- [TASK]: Using the material below, return exactly the lines between the one holding "Link Portside Wharf" and the one holding "Asus Vivobook SSD", inclusive, and no others.

- [MATERIALS PROVIDED]:
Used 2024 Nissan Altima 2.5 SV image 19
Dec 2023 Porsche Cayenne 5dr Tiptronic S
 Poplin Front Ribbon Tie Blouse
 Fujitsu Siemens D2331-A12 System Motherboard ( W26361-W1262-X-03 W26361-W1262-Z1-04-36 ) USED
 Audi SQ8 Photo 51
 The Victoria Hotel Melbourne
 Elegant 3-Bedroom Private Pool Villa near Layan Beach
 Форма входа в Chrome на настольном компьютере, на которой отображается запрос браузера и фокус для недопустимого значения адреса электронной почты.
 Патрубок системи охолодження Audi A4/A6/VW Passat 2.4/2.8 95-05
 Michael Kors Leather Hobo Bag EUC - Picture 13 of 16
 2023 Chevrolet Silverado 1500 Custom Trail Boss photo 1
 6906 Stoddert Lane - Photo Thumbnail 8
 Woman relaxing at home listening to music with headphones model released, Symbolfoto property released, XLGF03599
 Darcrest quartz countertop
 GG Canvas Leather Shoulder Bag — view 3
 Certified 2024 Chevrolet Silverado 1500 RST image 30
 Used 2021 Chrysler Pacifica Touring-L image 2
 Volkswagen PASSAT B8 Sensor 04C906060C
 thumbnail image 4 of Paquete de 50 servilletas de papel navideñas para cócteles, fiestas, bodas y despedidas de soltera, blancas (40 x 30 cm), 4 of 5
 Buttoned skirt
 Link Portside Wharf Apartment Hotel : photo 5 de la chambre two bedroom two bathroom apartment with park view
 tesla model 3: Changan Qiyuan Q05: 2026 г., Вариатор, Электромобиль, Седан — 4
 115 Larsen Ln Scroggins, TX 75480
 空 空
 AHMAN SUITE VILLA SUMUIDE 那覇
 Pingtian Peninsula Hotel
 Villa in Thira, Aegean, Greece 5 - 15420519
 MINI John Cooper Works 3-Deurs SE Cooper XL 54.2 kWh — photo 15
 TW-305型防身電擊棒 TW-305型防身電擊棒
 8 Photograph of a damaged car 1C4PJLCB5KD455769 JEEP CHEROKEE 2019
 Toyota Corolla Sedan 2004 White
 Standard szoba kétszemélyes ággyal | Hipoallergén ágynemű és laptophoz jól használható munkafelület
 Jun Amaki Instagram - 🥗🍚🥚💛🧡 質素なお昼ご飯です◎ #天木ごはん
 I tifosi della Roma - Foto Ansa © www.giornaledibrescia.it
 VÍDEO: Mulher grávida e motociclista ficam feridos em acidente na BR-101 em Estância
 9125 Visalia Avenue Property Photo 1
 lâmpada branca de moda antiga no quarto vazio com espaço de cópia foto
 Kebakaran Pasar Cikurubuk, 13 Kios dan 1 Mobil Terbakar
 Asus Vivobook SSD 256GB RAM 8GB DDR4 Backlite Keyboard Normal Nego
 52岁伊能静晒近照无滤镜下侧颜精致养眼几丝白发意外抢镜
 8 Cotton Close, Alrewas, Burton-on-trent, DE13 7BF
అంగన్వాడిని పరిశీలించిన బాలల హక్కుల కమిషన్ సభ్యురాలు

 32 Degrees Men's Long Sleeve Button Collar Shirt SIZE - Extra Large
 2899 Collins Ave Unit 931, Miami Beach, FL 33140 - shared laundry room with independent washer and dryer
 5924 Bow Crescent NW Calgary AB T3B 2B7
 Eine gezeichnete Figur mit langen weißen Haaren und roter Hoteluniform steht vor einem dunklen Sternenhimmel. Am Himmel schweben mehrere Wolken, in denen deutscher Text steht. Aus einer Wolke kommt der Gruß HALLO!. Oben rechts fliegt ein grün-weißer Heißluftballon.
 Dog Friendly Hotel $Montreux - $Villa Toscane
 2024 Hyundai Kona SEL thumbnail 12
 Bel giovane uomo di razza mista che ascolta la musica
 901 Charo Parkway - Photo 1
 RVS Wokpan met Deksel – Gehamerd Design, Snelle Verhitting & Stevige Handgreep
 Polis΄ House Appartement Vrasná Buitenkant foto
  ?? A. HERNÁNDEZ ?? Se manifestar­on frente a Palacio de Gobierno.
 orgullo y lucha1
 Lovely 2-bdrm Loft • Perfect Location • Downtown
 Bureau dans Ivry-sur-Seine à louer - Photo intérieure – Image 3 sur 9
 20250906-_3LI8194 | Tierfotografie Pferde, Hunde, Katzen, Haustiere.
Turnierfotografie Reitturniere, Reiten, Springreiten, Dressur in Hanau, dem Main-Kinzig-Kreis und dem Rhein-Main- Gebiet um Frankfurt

- [RESPONSE TO THE TASK]:
 Link Portside Wharf Apartment Hotel : photo 5 de la chambre two bedroom two bathroom apartment with park view
 tesla model 3: Changan Qiyuan Q05: 2026 г., Вариатор, Электромобиль, Седан — 4
 115 Larsen Ln Scroggins, TX 75480
 空 空
 AHMAN SUITE VILLA SUMUIDE 那覇
 Pingtian Peninsula Hotel
 Villa in Thira, Aegean, Greece 5 - 15420519
 MINI John Cooper Works 3-Deurs SE Cooper XL 54.2 kWh — photo 15
 TW-305型防身電擊棒 TW-305型防身電擊棒
 8 Photograph of a damaged car 1C4PJLCB5KD455769 JEEP CHEROKEE 2019
 Toyota Corolla Sedan 2004 White
 Standard szoba kétszemélyes ággyal | Hipoallergén ágynemű és laptophoz jól használható munkafelület
 Jun Amaki Instagram - 🥗🍚🥚💛🧡 質素なお昼ご飯です◎ #天木ごはん
 I tifosi della Roma - Foto Ansa © www.giornaledibrescia.it
 VÍDEO: Mulher grávida e motociclista ficam feridos em acidente na BR-101 em Estância
 9125 Visalia Avenue Property Photo 1
 lâmpada branca de moda antiga no quarto vazio com espaço de cópia foto
 Kebakaran Pasar Cikurubuk, 13 Kios dan 1 Mobil Terbakar
 Asus Vivobook SSD 256GB RAM 8GB DDR4 Backlite Keyboard Normal Nego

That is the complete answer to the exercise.